▶ Problem details
Your answer must consist of the records below, reproduced exactly, with every picture removed.

··· Supplied records ···

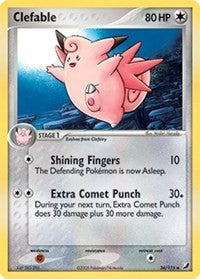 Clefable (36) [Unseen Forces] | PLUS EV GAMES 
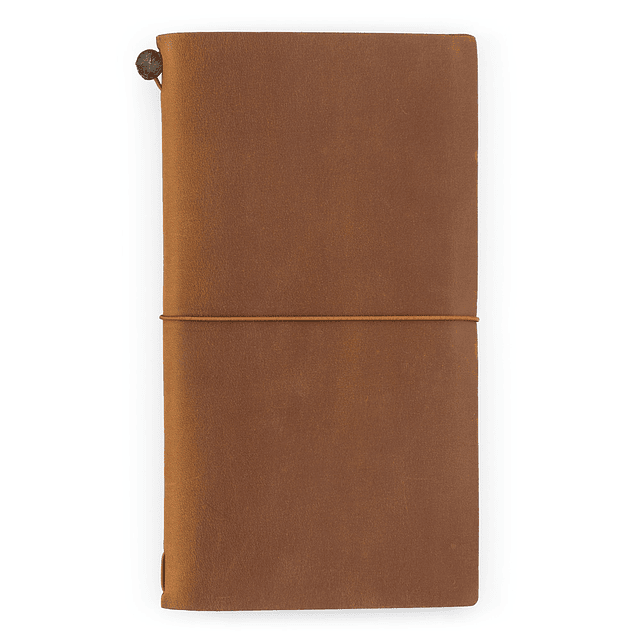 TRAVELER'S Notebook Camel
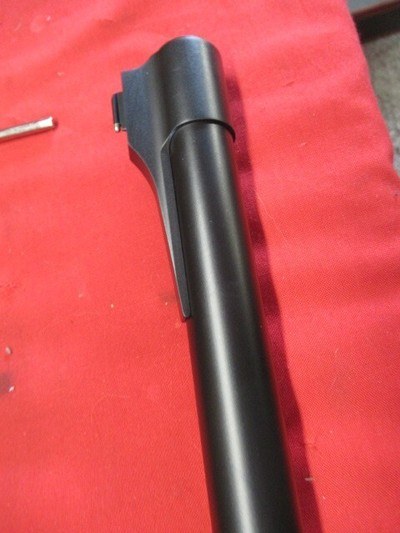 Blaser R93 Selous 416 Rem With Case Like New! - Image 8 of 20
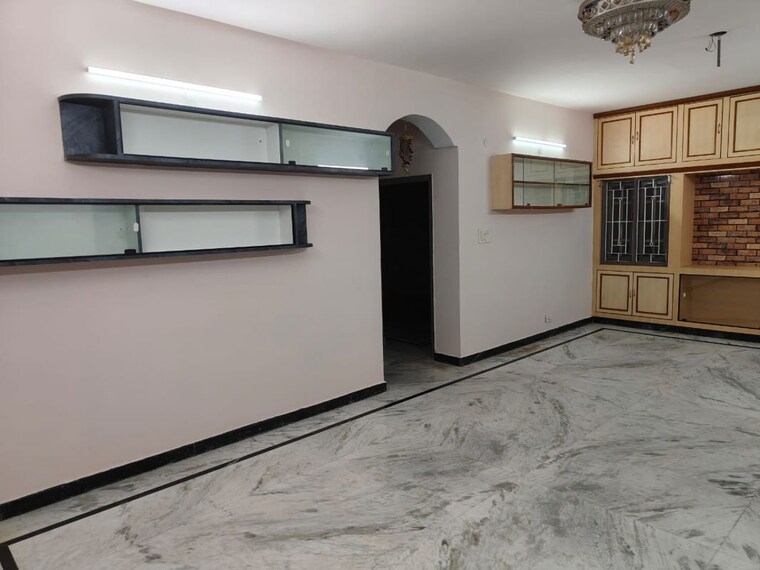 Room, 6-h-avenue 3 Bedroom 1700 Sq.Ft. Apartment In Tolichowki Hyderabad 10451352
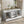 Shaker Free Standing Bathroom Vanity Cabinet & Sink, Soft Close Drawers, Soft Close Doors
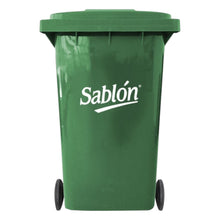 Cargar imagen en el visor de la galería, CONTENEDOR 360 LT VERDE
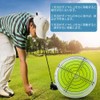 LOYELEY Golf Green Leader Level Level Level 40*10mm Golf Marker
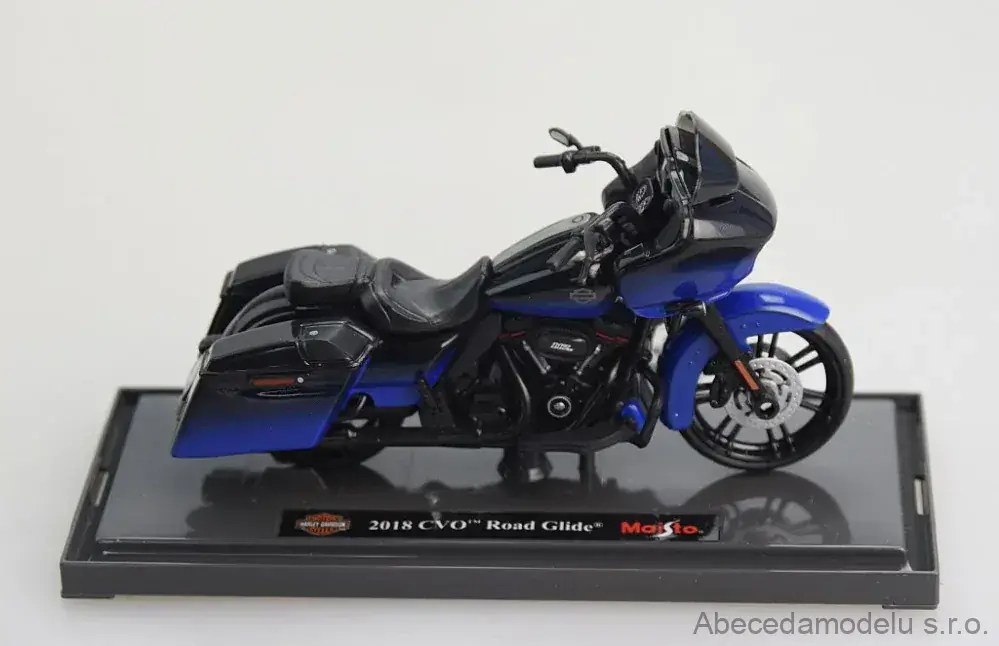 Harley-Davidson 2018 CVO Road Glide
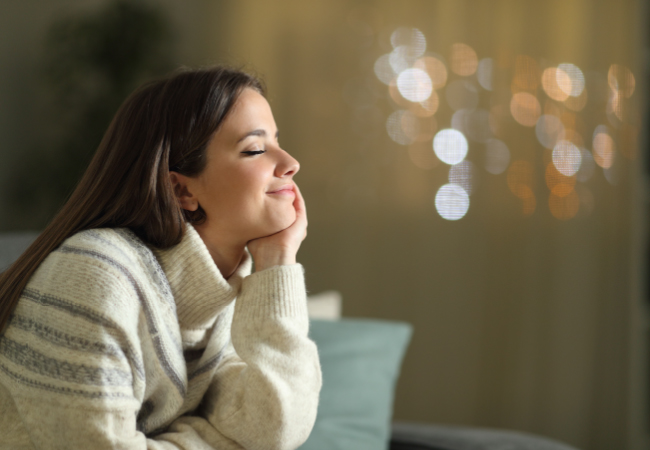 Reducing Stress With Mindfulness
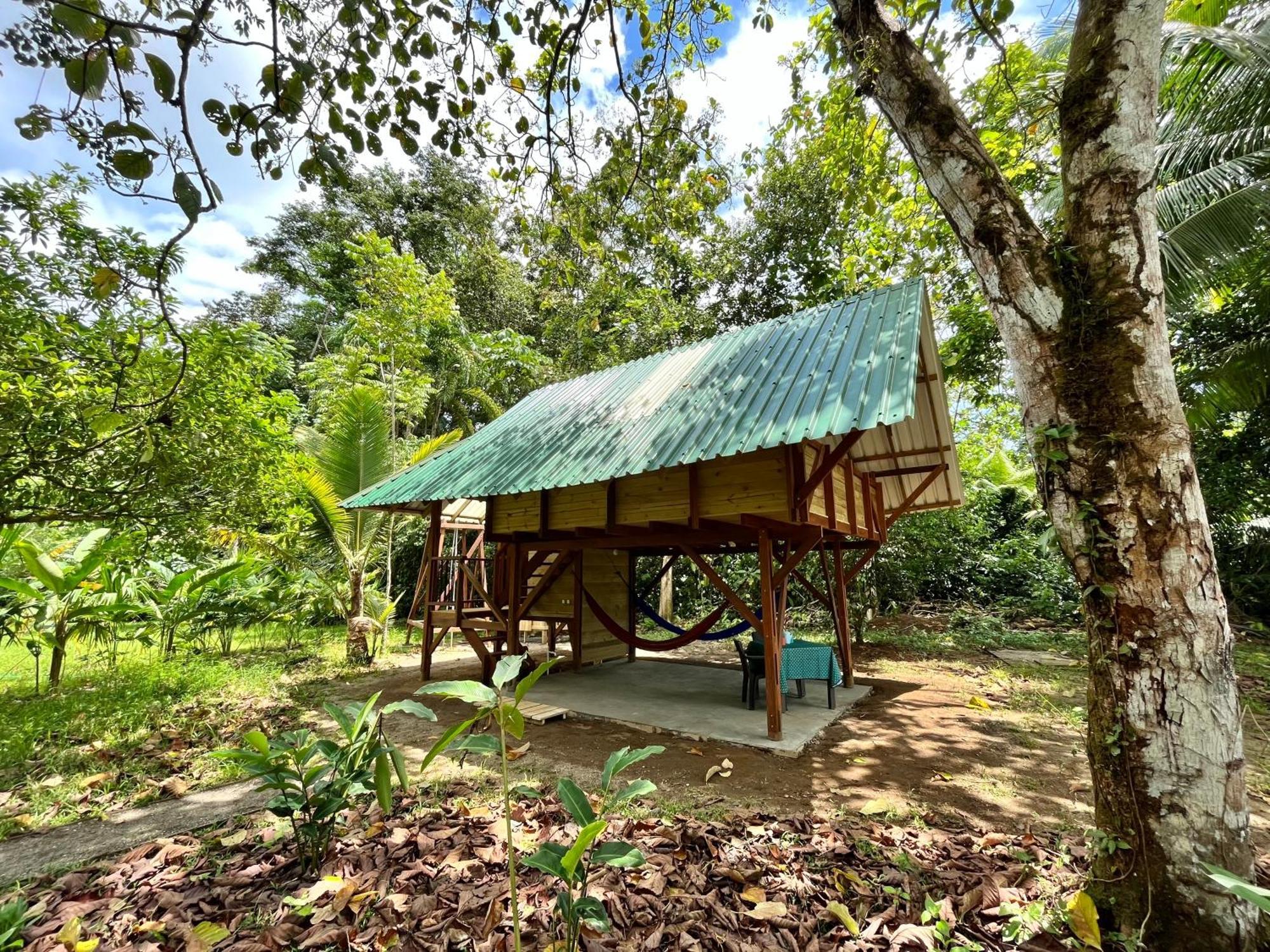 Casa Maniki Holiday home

···

▶ Solved problem
 Clefable (36) [Unseen Forces] | PLUS EV GAMES 
 TRAVELER'S Notebook Camel
 Blaser R93 Selous 416 Rem With Case Like New! - Image 8 of 20
 Room, 6-h-avenue 3 Bedroom 1700 Sq.Ft. Apartment In Tolichowki Hyderabad 10451352
 Shaker Free Standing Bathroom Vanity Cabinet & Sink, Soft Close Drawers, Soft Close Doors
 Cargar imagen en el visor de la galería, CONTENEDOR 360 LT VERDE
 LOYELEY Golf Green Leader Level Level Level 40*10mm Golf Marker
 Harley-Davidson 2018 CVO Road Glide
 Reducing Stress With Mindfulness
 Casa Maniki Holiday home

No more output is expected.